At this point, we have made very clear the direction of travel that we are going in and the specifics. We did so before the election that brought Mr Tomkins and me to the Parliament and we have done so since then. I would hope that he listened on the three occasions that I have appeared before the Social Security Committee to explain very clearly the approach that we are taking. We know that 1.4 million people will rely on our safe and secure delivery of the benefits. There are key steps that we have to take and we are taking them. Importantly, we are taking them by building on people’s direct personal experience of using the benefits system. How very different that is from the approach of the UK Government.
Labour whole-heartedly welcomes a great deal of what is in the statement, including the intention to create a new social security system that gives face-to-face contact and pre-claims advice and that seeks to have a local presence in communities. Labour very much welcomes the fact that the assessment model will not contract with the private sector. My colleague Mark Griffin has been particularly vocal about that.
The minister has been reported as saying that the new arrangements will not be implemented until at least 2021. Will she clarify whether there is any intention to go beyond that date? Does she recognise that thousands of claimants desperately want the arrangements that she talks about sooner rather than later, as they are at the mercy of the current system? Will the minister give a commitment that the pre-advice and support will be available in every deprived community and that the basic model of co-location, which she mentioned in her statement, will not be the exclusive approach, to ensure that Scotland’s new social security agency has a local presence across the country?
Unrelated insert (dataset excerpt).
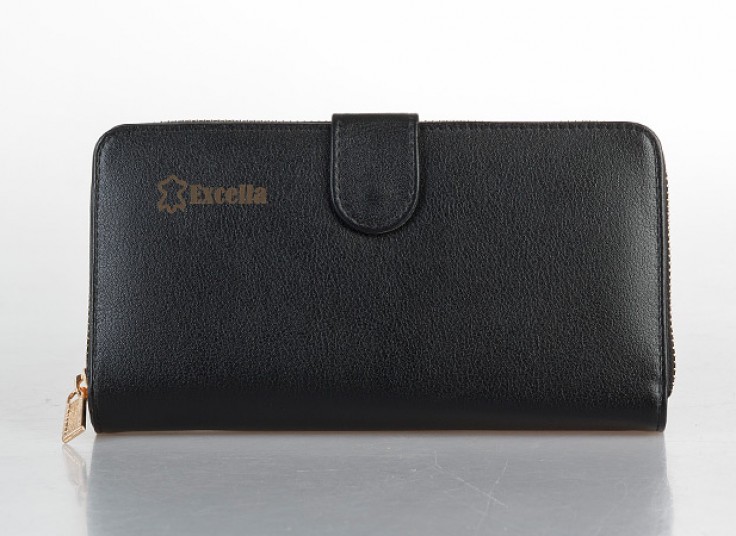 کیف پول زنانه Excella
I am grateful to Ms McNeill for her support for at least the bulk of what I said in my statement and in particular for our determination and decision not to involve the private sector in contracts for assessments.
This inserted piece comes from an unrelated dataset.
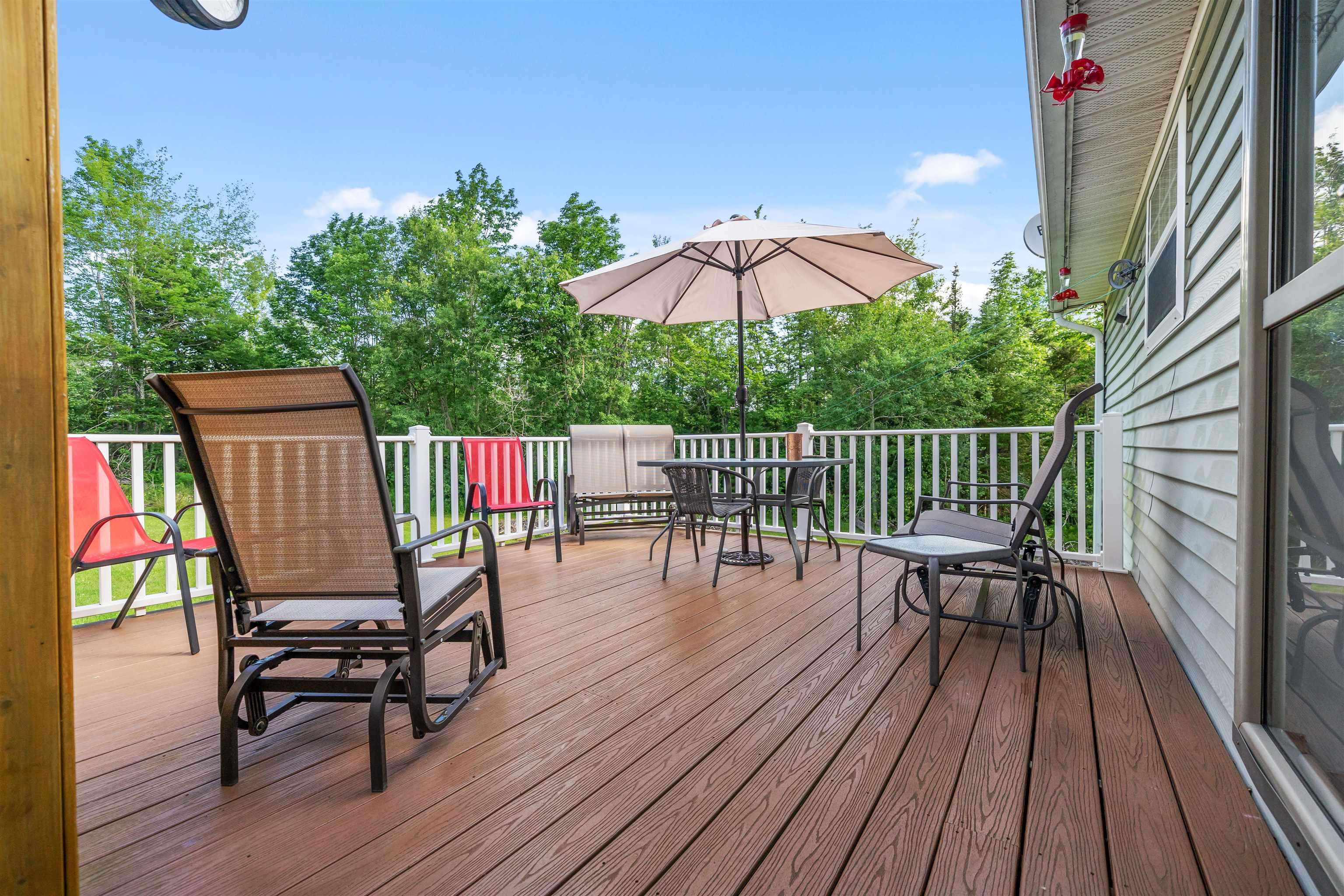 $349,900.00: 481 Frasers Mountain Branch Road, Woodburn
On the new arrangements, the accurate reflection of what I have said in the past is that, by the end of this session of Parliament, we will be delivering all 11 benefits. I also said at the Social Security Committee that we will take on responsibility for each of those 11 benefits incrementally following the passage of legislation in this Parliament, which we will introduce before June and which I expect to take until the spring of 2018 to pass. I said in my statement that, in addition to introducing legislation, we will advise members of the next steps in delivering the suite of benefits that come first.
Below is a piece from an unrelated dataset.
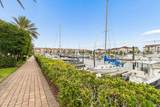 13846 Atlantic Boulevard - Photo 51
I hope that that answers Ms McNeill’s question and provides reassurance that we will not wait until 2021 for a big bang to happen before we introduce all 11 benefits. That is not because we are under pressure from anyone to do otherwise, but because to do so would risk the safe and secure transfer of benefits.
Pre-advice and support will be available to individuals across Scotland regardless of where they live. We will largely be talking to public sector partners and perhaps third sector partners about that. I am particularly looking for co-location in order that we as the Scottish public sector make it as easy as possible for things that are currently available, such as discretionary housing payments and welfare fund payments, to be triggered by an individual’s first appearance, whether to their local authority or the social security agency.
Ten members still wish to ask questions. Everyone can see the clock, which shows that we have only 14 minutes left. I ask for short questions with no preambles and for economic answers too, please.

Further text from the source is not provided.